Divarasib (GDC-6036)

Genentech / Roche

Executive Summary

Divarasib (GDC-6036) is Genentech/Roche's covalent KRAS G12C inhibitor and is widely regarded as the most potent and selective molecule in its class. In a Phase 1 single-agent study it produced a confirmed response in 53.4% of KRAS G12C NSCLC patients with a median PFS of 13.1 months - numbers that compare favorably to the approved agents sotorasib and adagrasib, whose monotherapy NSCLC response rates and PFS sit lower [1][2]. Its second strategic asset is the cetuximab combination in colorectal cancer, where divarasib plus cetuximab delivered a 62% confirmed response rate in KRAS G12C CRC, addressing the EGFR-feedback resistance that limits single-agent G12C inhibition in colon [3]. The thesis is best-in-class potency plus a credible Roche development engine, against the reality that it entered a class where two drugs are already approved.

Status

Phase 1/2. The single-agent NSCLC and CRC dose-escalation/expansion data are mature and published in NEJM and JCO, with long-term follow-up presented in 2024-2025 [1][2]. The divarasib + cetuximab CRC combination has reported Phase 1b data [3]. As of mid-2026 the molecule is in the registrational-transition phase, with Roche's program prioritizing combinations (cetuximab in CRC; broader I/O and targeted pairings) rather than relying on monotherapy. The central commercial question is whether superior potency and selectivity translate into a registrational advantage in a market where sotorasib and adagrasib already hold approvals.

Mechanism

Divarasib is an oral, covalent inhibitor that binds the mutant cysteine of KRAS G12C in its inactive GDP-bound state, locking the oncoprotein and blocking downstream MAPK signaling. Its design achieves higher potency and greater selectivity than sotorasib and adagrasib, with less off-target activity - the practical consequence is a cleaner safety profile that supports combination dosing. In colorectal cancer, single-agent G12C inhibition is undermined by rapid EGFR-mediated reactivation of the RAS pathway; combining divarasib with the anti-EGFR antibody cetuximab blocks that feedback loop, which is the mechanistic rationale for the markedly higher CRC response rate in combination versus monotherapy.

Trial Design

The Phase 1 study dosed divarasib orally once daily from 50 to 400 mg in 137 patients (60 NSCLC, 55 CRC). NSCLC: 53.4% confirmed ORR, median PFS 13.1 months; CRC monotherapy: 29.1% confirmed ORR, median PFS 5.6 months [1]. Long-term NSCLC follow-up (data cutoff April 1, 2024) showed 48% of patients treated beyond one year with a median time on treatment of 11 months [2]. The Phase 1b cetuximab combination in KRAS G12C CRC reported a 62% confirmed ORR among 29 evaluable patients [3]. Treatment-related adverse events occurred in 93% of patients but were predominantly low-grade (Grade 3 in 11%, one Grade 4), consistent with the selectivity claim.

Probability Of Success

Our model gives this drug a 33% chance of eventually being approved. That number starts from the historical approval rate for Phase 3 drugs in this area - about 48% - then adjusts based on ten facts about the trial and its sponsor.

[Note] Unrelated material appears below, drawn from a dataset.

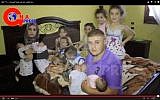The Al Batash family and their 11 children (image capture YouTube)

The estimate is pulled up by the trial's light or open-label blinding, more secondary endpoints than usual, and the sponsor's strong record of getting drugs approved; it is pulled down by weak or limited earlier-phase results. The remaining facts are close to average for this stage and leave the estimate roughly where the base rate put it.

Risks

Market-timing risk dominates: sotorasib and adagrasib are approved, and a best-in-class latecomer must prove superiority head-to-head or win in a combination niche to gain share. Resistance is a class-wide problem - acquired resistance via secondary RAS-pathway mutations and bypass signaling emerges in all G12C inhibitors, limiting durability. The CRC combination, while impressive at 62% ORR, is based on small numbers and needs randomized confirmation. Finally, the G12C mutation itself is a minority KRAS allele (most common in NSCLC, less so in CRC and rare in pancreatic), which caps the addressable population relative to pan-RAS or G12D-directed approaches now advancing.

Biocosm Assessment

Divarasib is the strongest molecule in a validated class, and the data support the best-in-class label on both potency and tolerability. The signal that matters is not the NSCLC monotherapy numbers - impressive but in a crowded indication - but the cetuximab combination in CRC, where 62% ORR addresses a genuine unmet need and a real resistance mechanism. The honest tension is commercial: being third to market with a better drug is a harder value-creation story than being first, and Roche will need a differentiated registrational path (likely combination-led) to make divarasib more than a fast-follower. Watch the randomized CRC combination data and any move toward frontline or I/O-combination positioning. The broader KRAS narrative is also shifting toward G12D and pan-RAS(ON) agents (Revolution Medicines), which over time reframes G12C-selective drugs as one chapter rather than the whole story.